**Prompt:**
Look below for the line containing "12月20日，正規(guī)可靠"; from there, print each line exactly up to and including the line containing "Contraportada europea de", and stop.

**Supplied material:**
- - - - - - -
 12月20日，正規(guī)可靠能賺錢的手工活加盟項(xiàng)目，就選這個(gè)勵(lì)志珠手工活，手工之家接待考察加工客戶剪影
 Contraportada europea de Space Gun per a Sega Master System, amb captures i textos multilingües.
- - - - - - -
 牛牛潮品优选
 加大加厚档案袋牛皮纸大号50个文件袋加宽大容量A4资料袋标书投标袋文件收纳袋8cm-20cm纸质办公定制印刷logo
- - - - - - -
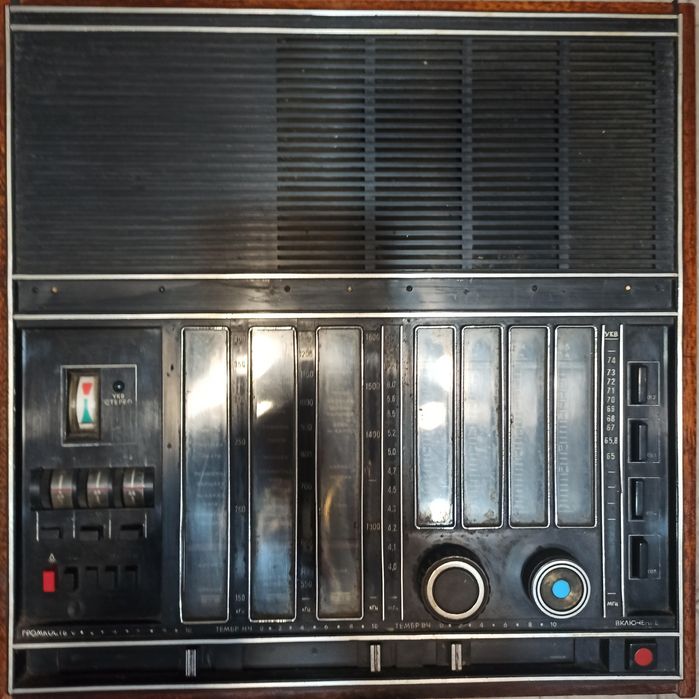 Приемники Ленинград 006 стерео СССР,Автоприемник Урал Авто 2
- - - - - - -
**Solved problem:**
 12月20日，正規(guī)可靠能賺錢的手工活加盟項(xiàng)目，就選這個(gè)勵(lì)志珠手工活，手工之家接待考察加工客戶剪影
 Contraportada europea de Space Gun per a Sega Master System, amb captures i textos multilingües.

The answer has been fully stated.